I have a control problem that I am simulating in C. The premise is that I have some continuous-time signal s(t)
and I am given some length-150 array c = [c(0), c(dt), c(2dt), ...]
of controls. The array is a discretized version of a continuous-time control c(t)
, but I am not actually given access to the full c(t)
, only to the array c
with a fixed value of dt
.
Given c
and dt
, I create an array s = [s(0), s(dt), s(2dt), ...]
. I then need to compute the following function:
#include <math.h>
#include <complex.h>
#define SEQUENCE_LENGTH 150
double f(double s[], double c[], double dt) {
// s and c are both length SEQUENCE_LENGTH arrays
double complex alpha = 1. / sqrt(2) + 0.0 * I;
double complex beta = 1. / sqrt(2) + 0.0 * I;
double complex alphanew;
double complex betanew;
double x, y, norm, co, si;
for (int j = 0; j < SEQUENCE_LENGTH; j++) {
x = c[j]; y = s[j];
norm = sqrt(x*x + y*y);
co = cos(norm * dt);
si = sin(norm * dt) / norm;
alphanew = co * alpha - I * si * (y * alpha + x * beta);
betanew = co * beta - I * si * (x * alpha - y * beta);
alpha = alphanew; beta = betanew;
}
return (1 / 2.) * pow(cabs(alpha + beta), 2);
}
This function is called on the order of a hundred million times for various different c
and s
and it is the largest bottleneck in my simulation, so I really need to make it as fast as possible. Does anybody have any suggestions/tips/tricks to speed up this code?
Various thoughts. Currently, I compile with gcc
with the flags -Wall -Wextra -Werror -O3 -ffast-math
.
- Because I know
SEQUENCE_LENGTH
is 150, manually unrolling part of the loop would be straightforward, but I'm sure the compiler already does this. - I could perhaps vectorize some of the calculations in the loop, though again I assume the compiler is already doing this. Nonetheless I would still be interested in seeing an explicit vectorization of my code (for academic purposes), but I am not very familiar with vectorization.
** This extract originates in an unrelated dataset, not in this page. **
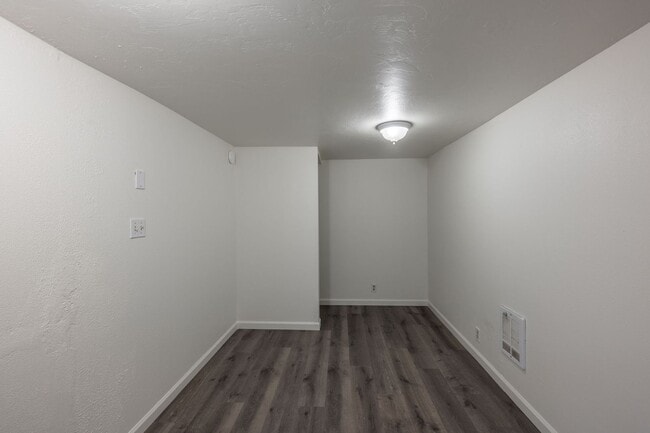 Building Photo - Newly Remodeled 3 Bed + Office, 1 Bath home in Rexburg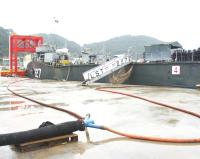 海軍運補艦昨天再度運水一千噸來馬。（圖／文：邱桂惠）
- Is there any way to parallelize this code, eg with
#pragma amp parallel
? I don't see an obvious way.
1 Answer 1
I really need to make it as fast as possible.
Does anybody have any suggestions/tips/tricks to speed up this code?
Make a test harness
Form test code that rates the performance and precision correctness.
There simply are too many factors for a general fastest. We are currently left with faster suggestions. Yet with a use case specific test harness, we can reliably improve things (simpler trig/power functions, etc.)
float
vs. double
Often float
functions are faster.
Use float
objects and float
functions like sqrtf()
, sinf()
, powf()
, ...
Do you really need double
precision?
What is the precision goal? Optimization level
In requesting speed, one needs to identify the required precision as various speed optimizations can trade off correctness for time simply by enabling higher floating point compile-time optimizations levels.
Was ffast-math
really OK to use with an unstated precision goal?
Conversely hypot(x, y)
is often more precise than norm = sqrt(x*x + y*y);
. Is that OK?. OP has left no test harness and OP simply has not specified.
Range of data
State the range.
When double s[]
and double c[]
use a subset of the double
range, additional optimizations are possible. @user555045 This should be part of the test harness.
Use restrict
and const
Assuming s[]
and c[]
do not overlap, use restrict
.
This allows the compiler to make additional optimizations.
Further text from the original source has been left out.